Multivalent Tools: Extract Text

Extract Text

Extract text and more from any supported document type, including PDF, HTML, and DVI.

Extract

text, optionally normalized to Unicode
document structure
hyperlinks
layout (bounding boxes)
style (font, colors)

Since the extractors are based on the same engine that is used for rendering, they are not confused by markup or spacing; HTML pastes together words across style markup, and PDF tries hard to paste together words from fragments that may have been positioned with intervening kerning spacing.

Options

java tool.doc.ExtractText [options] URL|filename...

-output [format]
- unicode -- Extract text, normalized to Unicode. (Default.)
- doctree -- Display document tree, which is the primary internal runtime data structure for the document, as structure and text in XML syntax (but not necessarily well nested, which is required for valid XML).
- xml -- Output text content normalized to Unicode, and document structure as XML tags. Note that this does not convert the source document to XML! It reports results in XML syntax.
-bbox -- Report layout bounding boxes for structure and each word, in coordinates relative to a tag's parent tag. This requires document tree or XML output, above.

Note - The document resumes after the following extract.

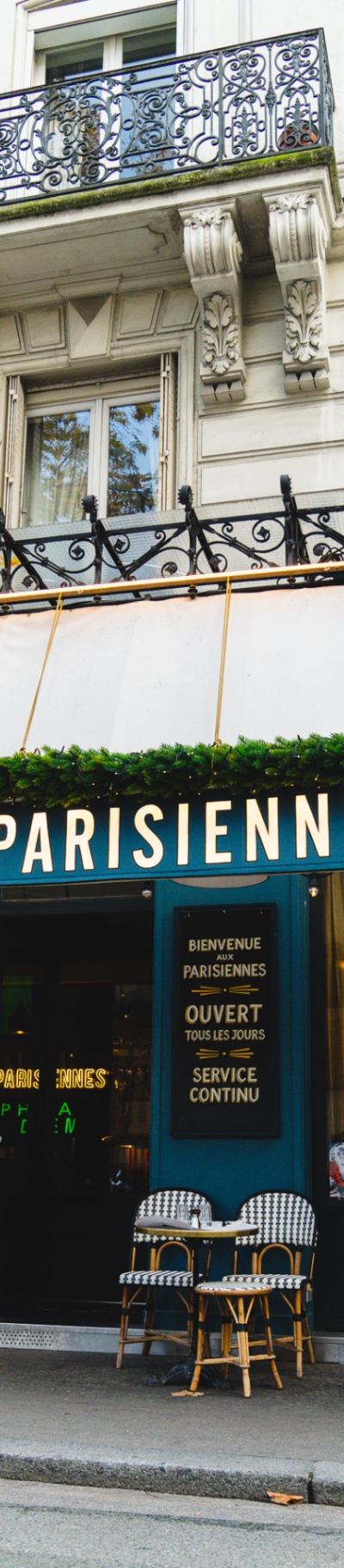 Les Parisiennes - Photo 3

The bounding box for the enclosed subtree is given on the bbox attribute in the form width x height @ x, y.
-links -- In Unicode text mode, output only the hyperlink URIs. In document tree and XML modes, also report hyperlinks, normalized to HTML a href=... syntax.
-span -- In addition to reporting structure in XML format, also report spans, which are used for hyperlinks and much of the formatting.
-style -- In XML mode, normalize styling information across document types into the following HTML tags: B, I, U, FONT (with FACE, SIZE, COLOR, and BACKGROUND-COLOR attributes). Mutually exclusive with -span.
-page range -- for paginated documents, extract text only in range

Examples

1. The default operation extracts text as Unicode, from any supported document format:

java tool.pdf.ExtractText Annotations.pdf

java -classpath .../Multivalent.jar:.../DVI.jar tool.doc.ExtractText tripman.dvi ls.1

2. Extract links

java tool.doc.ExtractText -links index.html PDFReference16.pdf tripman.dvi

3. Dump document tree

java tool.doc.ExtractText -output doctree -span -link tripman.dvi

4. XML

java tool.doc.ExtractText -output xml tripman.dvi

5. XML with layout and style

java tool.doc.ExtractText -output xml -bbox -style tripman.dvi

Technical Notes

Garbage text

Sometimes text that appears fine when rendered by the browser extracts as apparant garbage. Here are some issues:

Text may be drawn not with fonts but with vector shapes or in an image. Use OCR software to extract this text.
Some documents may not have any text. Paper scanned into images or PDF can be such a case. (Scanned paper can have OCR text hidden behind the paper image, and this tool will find that text.)
Text may not have a Unicode mapping. PDF Type 3 fonts often do not, and TeX DVI has characters that do not have Unicode equivalents.
The Unicode encoding may be buggy. Open Office maps some characters into the same Unicode, resulting in apparant letter dropping and doubling.
Some formats, such as PDF, can draw text out of reading order — in any order in fact. Text is extracted as it is encountered in the source. Further analysis by the user using layout coordinates can try to recover reading order.

PDF, especially, is susceptible to the above, so before reporting a bug check against a copy-and-paste in Acrobat.

Performance

Performance is generally excellent due to various technical optimizations, ranging from buffered I/O to skipping non-text elements such as images. If using this tool for mass text extraction, you should start java with the -server flag (note this flag is given to Java, as opposed to this tool):

java -server tool.ExtractText [options] files

While extraction on most formats is extremely fast, PDF takes more time because text is stored in fragments usually without spaces, and it must be analyzed to reassemble words and lines. Also, options that request layout and other options require more work and therefore more time. This tool first collects all text in a given document before returning it all at once; for PDFs that are complex and have many pages, this can take a minute or more.